Embedded GNU Jumpstart
GNU development tools are simply unmatched in their power and adaptability for solving tough embedded development problems. But all that power can be a challenge to master quickly. Wouldn't it be nice to round the GNU learning curve in less than a week, instead of in fits and starts over several months?
Now you can! Embedded GNU Jumpstarttm is a unique combination of formal presentations and hands-on lab exercises that turn you into a GNU power user in less than one week. The course program is led by an experienced embedded GNU user, and lab exercises are performed on real embedded hardware, which is yours to keep at the end of class!
You won't find a course of this depth and breadth anywhere else. Bill Gatliff is a seasoned embedded developer and instructor who makes his living actually using GNU tools, not just talking about them. As a result, each presentation and lab exercise is jam-packed with valuable, immediately useful information that you'll put to work on your own embedded projects as soon as you get home.
Here is a recent table of contents from the course manual.
Free and Open Source Licenses
- Free vs. Open Source, and what the differences mean
- Reviews of the GPL, LGPL, BSD and other popular licenses
- How license terms affect application design
Building and Installing the GNU Toolchain
- From scratch, for Linux, Mac OS X and Win32 hosts
- Using commercial toolchains
Building and Managing Applications
- Compiling and linking from the command line
- Using gcc with a Makefile
- Converting to output formats like Motorola S Record
- Disassembling object files and applications
- Merging application images, jump tables data tables
- Interleaving images for Flash and ROM programming
- Constructing, managing and using libraries
- Understanding application startup and crt0
The GNU Linker Command Syntax
- Putting things at their proper places in memory
- Filling and padding images
- Supporting initialized data
Porting newlib to Embedded Hardware
- Building and installing newlib
- Understanding newlib's reentrancy and other features
- Making dynamic memory allocation work under newlib
- Integrating newlib with an RTOS and/or debugging agent
Gcc's Inline ASM Syntax, and Other C Language Extensions
- Sectioning, alignment, and other commands
- Integrating assembly code with the C runtime environment
- Implementing an interrupt handler in C with gcc
Debugging Under GNU
- Simulation, JTAG, BDM and other options
- Reviews of some commercial debugging products
Using Gcc for Embedded Development in C++
- Brief observations on performance and safety
- Building the GNU C++ compiler
- Getting new and delete to work properly
- How gcc implements common C++ constructs
Embedded GNU Jumpstart uses Cogent CSB6xx single-board computers. The Cogent CSB637 is an AT91RM9200-powered system, the CSB625 uses a PXA255. Both boards offer 64 MB SDRAM, Ethernet, USB, Compact Flash, SD/MMC, GPIO and VGA out.

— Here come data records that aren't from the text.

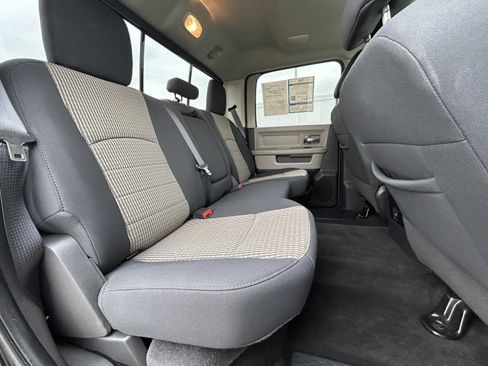 Used 2012 RAM 1500 Big Horn w/ Luxury Group image 19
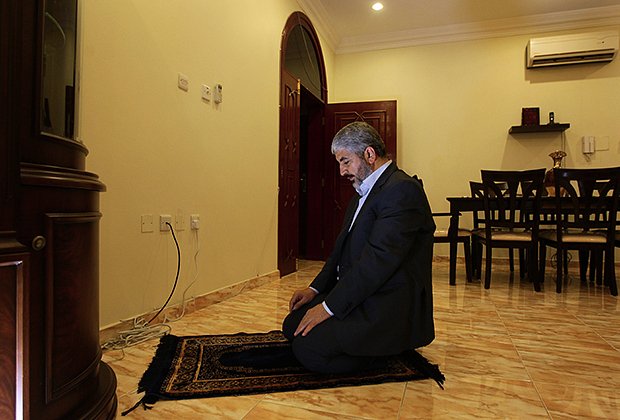 Халед Машаль во время молитвы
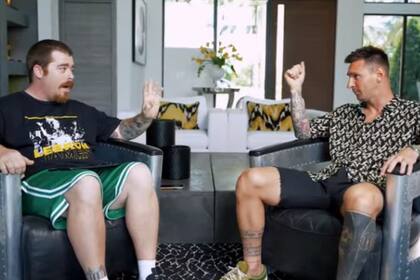Lionel Messi y Migue Granados durante una entrevista (Foto: Captura de video)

Other single board computers are available by special request. Send me an email for more information. Students are also encouraged to bring their own hardware, to use with lab exercises as time permits.
This advanced workshop is ideal for embedded developers who are evaluating or using the GNU toolchain in an embedded application. The course materials presume familiarity with the C programming language, and an understanding of the basics of operating system and embedded system operation.

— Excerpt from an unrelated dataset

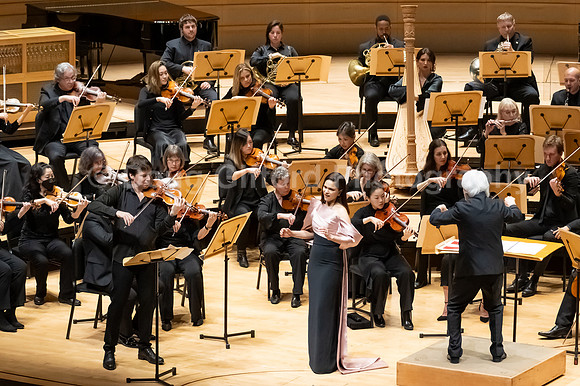 Pacific Symphony - Joshua Bell & Larisa Martínez: Voice & the Violin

Each student must provide their own laptop computer. The computer must have either a recent Linux distribution (RHEL/Fedora, Debian, Mandrake, etc.), Mac OS X, or a Win32 operating system installed before class begins. Course activities will require one available DB9 serial port, one 10/100T ethernet port, approximately 600MB of free disk space, and a Pentium-III/400MHz/128MB performance level or better. Students are strongly encouraged to bring their OS installation CDs to class.
If you don’t see your question answered here, please feel free to send me an email.
Why do I have to bring my own computer?
Put simply, how else are you going to take your new GNU toolchain and other course materials home with you at the end of class?
This course offers a unique combination of intensive, embedded GNU toolchain training and take-home hardware that you won’t find anywhere else. The goal is to for the student to be a proficient embedded Linux developer and user in one week, and to carry that knowledge back home after class is over. Bringing and using your own computer is the best way to meet that objective.
Why is this course so much cheaper than other, apparently similar offerings?
Bill Gatliff is an individual, freelance embedded developer. He is not a multinational corporation with an overhead of hundreds of engineers to support. In addition, an emphasis has been placed on controlling the cost of every aspect of the course, in order to bring quality GNU training to developers who don’t have deep pockets to spend out of.
This course is all about free software. Why is it so expensive?
Actually, the course is about Free (speech) software, not free (gratis) software.
The GNU toolchain is flexible and powerful, but it takes more than a few minutes to learn to apply that power and flexibility to your own embedded development needs. The most cost effective way to get started is by working under the direction of an experienced and competent teacher for a week, instead of trying to gain the knowledge yourself over a period of weeks or, in most cases, months.